Sept poèmes originaux sur les villes, leurs habitants, leurs transports, leurs inégalités, leurs travaux et leurs lieux partagés.

Une ville n’est ni seulement ses monuments ni seulement son bruit. Elle se construit par les déplacements, les logements, les métiers et les décisions qui rendent certains espaces plus accessibles que d’autres.

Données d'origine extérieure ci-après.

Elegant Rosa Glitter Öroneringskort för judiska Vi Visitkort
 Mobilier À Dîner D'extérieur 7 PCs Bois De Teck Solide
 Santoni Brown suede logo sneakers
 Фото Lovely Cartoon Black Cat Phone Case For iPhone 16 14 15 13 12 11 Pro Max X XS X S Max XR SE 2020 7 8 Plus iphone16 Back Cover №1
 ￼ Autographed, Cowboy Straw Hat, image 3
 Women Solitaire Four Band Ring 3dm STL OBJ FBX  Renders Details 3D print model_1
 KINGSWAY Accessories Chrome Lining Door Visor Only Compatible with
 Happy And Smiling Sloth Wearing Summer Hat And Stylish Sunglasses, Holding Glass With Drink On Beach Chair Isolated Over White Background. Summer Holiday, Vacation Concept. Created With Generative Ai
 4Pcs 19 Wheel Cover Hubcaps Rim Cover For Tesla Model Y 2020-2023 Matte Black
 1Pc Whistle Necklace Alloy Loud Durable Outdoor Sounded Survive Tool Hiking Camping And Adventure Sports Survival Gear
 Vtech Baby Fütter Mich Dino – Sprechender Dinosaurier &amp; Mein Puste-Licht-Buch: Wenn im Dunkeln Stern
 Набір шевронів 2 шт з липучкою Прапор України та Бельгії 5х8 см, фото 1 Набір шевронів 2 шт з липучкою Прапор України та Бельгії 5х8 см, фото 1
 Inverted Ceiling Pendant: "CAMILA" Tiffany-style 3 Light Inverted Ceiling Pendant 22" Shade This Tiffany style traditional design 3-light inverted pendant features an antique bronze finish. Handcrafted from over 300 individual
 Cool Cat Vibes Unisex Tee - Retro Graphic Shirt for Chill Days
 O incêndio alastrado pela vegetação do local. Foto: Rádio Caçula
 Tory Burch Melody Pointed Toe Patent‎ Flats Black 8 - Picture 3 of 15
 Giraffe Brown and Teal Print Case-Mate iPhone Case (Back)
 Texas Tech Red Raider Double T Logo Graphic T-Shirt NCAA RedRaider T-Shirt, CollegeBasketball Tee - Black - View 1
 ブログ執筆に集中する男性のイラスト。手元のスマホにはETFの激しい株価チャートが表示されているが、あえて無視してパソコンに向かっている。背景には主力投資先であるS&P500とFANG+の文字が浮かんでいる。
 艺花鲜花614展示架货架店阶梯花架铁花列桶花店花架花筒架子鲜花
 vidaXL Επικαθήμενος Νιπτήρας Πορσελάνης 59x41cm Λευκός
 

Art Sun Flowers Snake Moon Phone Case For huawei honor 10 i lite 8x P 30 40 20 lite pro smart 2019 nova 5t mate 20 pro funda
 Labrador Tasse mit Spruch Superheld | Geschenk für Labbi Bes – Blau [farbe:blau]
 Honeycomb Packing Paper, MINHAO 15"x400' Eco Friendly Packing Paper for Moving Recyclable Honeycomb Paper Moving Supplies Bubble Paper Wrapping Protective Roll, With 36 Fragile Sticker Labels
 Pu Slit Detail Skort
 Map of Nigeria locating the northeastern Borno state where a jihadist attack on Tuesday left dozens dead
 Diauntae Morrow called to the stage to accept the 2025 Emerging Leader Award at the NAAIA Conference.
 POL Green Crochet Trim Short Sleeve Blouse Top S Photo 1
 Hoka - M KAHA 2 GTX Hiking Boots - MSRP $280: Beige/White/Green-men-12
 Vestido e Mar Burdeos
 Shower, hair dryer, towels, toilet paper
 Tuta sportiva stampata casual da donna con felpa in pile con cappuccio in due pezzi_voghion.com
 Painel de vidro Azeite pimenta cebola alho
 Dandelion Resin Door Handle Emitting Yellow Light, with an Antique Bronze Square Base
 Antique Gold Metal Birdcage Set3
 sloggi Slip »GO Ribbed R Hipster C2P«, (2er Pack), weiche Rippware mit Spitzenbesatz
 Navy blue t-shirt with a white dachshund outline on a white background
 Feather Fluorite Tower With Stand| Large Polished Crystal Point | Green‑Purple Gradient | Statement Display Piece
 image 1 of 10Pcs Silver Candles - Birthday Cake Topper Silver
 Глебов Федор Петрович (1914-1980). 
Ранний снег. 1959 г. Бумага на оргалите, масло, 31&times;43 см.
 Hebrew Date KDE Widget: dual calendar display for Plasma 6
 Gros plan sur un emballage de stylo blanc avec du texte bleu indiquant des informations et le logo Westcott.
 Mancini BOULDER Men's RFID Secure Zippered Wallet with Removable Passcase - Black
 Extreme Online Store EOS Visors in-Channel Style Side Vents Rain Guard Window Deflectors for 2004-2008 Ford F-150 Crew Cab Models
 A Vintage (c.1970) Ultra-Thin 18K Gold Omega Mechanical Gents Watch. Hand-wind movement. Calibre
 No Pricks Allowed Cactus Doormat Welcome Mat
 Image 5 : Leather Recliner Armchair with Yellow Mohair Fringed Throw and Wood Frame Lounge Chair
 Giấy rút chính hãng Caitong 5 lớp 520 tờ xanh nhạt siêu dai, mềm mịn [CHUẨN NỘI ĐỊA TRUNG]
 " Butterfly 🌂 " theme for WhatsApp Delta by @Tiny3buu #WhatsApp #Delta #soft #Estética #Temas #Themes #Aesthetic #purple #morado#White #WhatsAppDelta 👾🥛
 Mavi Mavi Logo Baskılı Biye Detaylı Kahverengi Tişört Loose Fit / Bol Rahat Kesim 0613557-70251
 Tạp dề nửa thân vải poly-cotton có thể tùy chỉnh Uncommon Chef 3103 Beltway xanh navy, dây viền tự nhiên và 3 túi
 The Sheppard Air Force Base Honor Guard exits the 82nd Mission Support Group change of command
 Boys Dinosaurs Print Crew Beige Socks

Ces poèmes visitent plusieurs scènes urbaines génériques sans emprunter l’identité d’une ville réelle. Ils regardent autant les infrastructures que les moments de beauté quotidienne.

01
sobre·lecture

La ville avant six heures

Le premier métro emporte
des uniformes et des visages fatigués.

Au-dessus, les vitrines dorment encore.
La ville commence son travail
bien avant l’heure
où elle ouvre ses cafés.
02
lucide·discussion

La place sans bancs

La mairie retire les bancs
pour rendre la place plus nette.

Les personnes âgées restent debout,
d’autres ne s’arrêtent plus.
Une ville révèle ses choix
par les corps qu’elle autorise à se poser.
03
chaleureux·lecture

Les balcons du soir

D’un balcon à l’autre,
les plantes reçoivent leur eau.

Une voisine salue,
un enfant montre son dessin.
La ville trouve parfois
un village à la hauteur du troisième étage.
04
respectueux·hommage

Réparer la rue la nuit

À minuit, des ouvriers
ouvrent le bitume sous les lampes.

Le trafic doit reprendre demain,
les marteaux occupent leur sommeil.
La ville fonctionnelle
se répare souvent hors du regard des usagers.
05
espérant·partage

Le jardin du terrain vague

Entre deux immeubles,
un terrain vague devient jardin.

Des habitants apportent du bois,
des graines et plusieurs langues.
La ville pousse autrement
là où le plan attendait encore.
06
grave·réflexion

La rue garde les façades

Les façades sont restaurées,
les anciens loyers disparaissent.

Le café change de nom,
les voisins quittent le quartier.
Une ville peut devenir plus belle
et perdre ceux qui l’avaient habitée.
07
urbain·lecture

Après le dernier métro

Après le dernier métro, la ville
ne s’endort pas d’un seul mouvement.
Des cuisines ferment, des équipes commencent,
un bus de nuit traverse les boulevards.
Aux fenêtres, chaque lumière
indique une histoire encore éveillée.
Une ville est moins un décor
qu’un accord instable
entre ceux qui partent, travaillent et reviennent.